István Szabó se perde no tema teatral e no louvor à protagonista

PAULO SANTOS LIMA
COLABORAÇÃO PARA A FOLHA

O teatro cai como uma luva em filmes sobre personagens em crise existencial e às voltas com seus fantasmas e chiliques, permitindo uma aproximação (inclusive física, por meio da câmera) com as idiossincrasias do protagonista. É assim em "Adorável Julia", de István Szabó, que usa o mundo do tablado para acompanhar fielmente sua atriz.
Um problema, porque temos uma adesão irrestrita do filme à egocêntrica Julia (Annette Bening), atriz notável, mas agressiva, que leva sempre o "acting" dos palcos para a vida, com marido, filho e amigos. Não só, anda enfastiada do casamento com Michael (Jeremy Irons), e a crise da meia-idade a faz acreditar que seu corpo está desmoronando. Insuportável, esta é a palavra para definir Julia.
Daí que esta mulher acaba se envolvendo com um jovem fã, Tom (Shaun Evans), que, descobriremos à frente, é um aproveitador. Surge ainda uma pragmática (e jovem) atriz que lança charme aos homens do filme, pedra no sapato de Julia, que arquitetará justiça e volta por cima.
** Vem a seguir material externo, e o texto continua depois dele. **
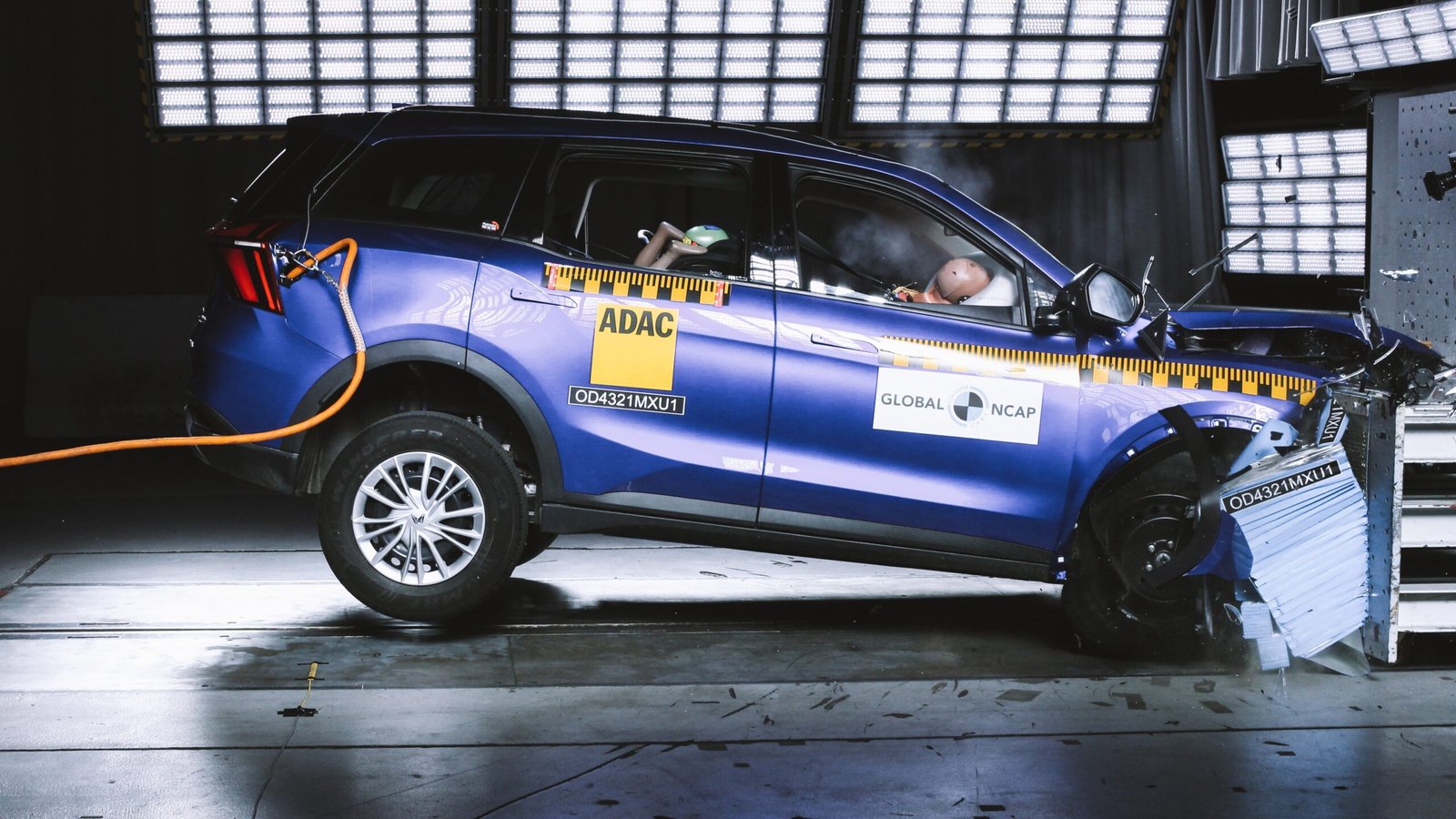 Mahindra XUV700 Crash Test Ratings 16 Mahindra XUV700 crash test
O filme coloca, então, sua afetada protagonista acima de todos, justificando assim a pequenez egoísta de Julia. Algo recorrente na filmografia de Szabó, aliás, que jamais foi brechtiano na composição de seus personagens. Não é por menos que os homens de "Coronel Redl" e "Mephisto", por exemplo, jamais tiveram suas ações postas em juízo.
A falta de pudor na babação à sua protagonista é acompanhada pelo típico estilo anêmico de Szabó filmar. Quase tão tímido quanto alguns filmes sonoros do início dos anos 30 (aliás, a história se passa na Londres de 1938), "Adorável Julia" trabalha com plano aberto que, logo depois, fecha-se nos closes alternados. Na ausência de um trabalho mais elaborado com as imagens, o tema teatral, parece, fez Szabó não se acanhar com o excesso de falatório.
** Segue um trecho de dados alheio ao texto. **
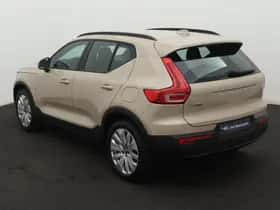Volvo EX40 (2025) thumbnail 3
Aí que a referência imediata seja "A Malvada". E seu oposto: também sobre o mundo teatral, e com atriz temperamental, este clássico de Joseph L. Mankiewicz vê glamour na Eve de Bette Davis, mas não abandona certo cinismo. O filme deixa claro, desde sempre: Eve é maravilhosa mas também uma chata de galocha. Porque se o tema do filme é a atriz, há uma multiplicidade de olhares (e juízos) de uma câmera que segue não poucos personagens, todos eles falando sobre Eve, e com um texto tão espetacular, tão além do nosso prosaico, que nos causa certo distanciamento.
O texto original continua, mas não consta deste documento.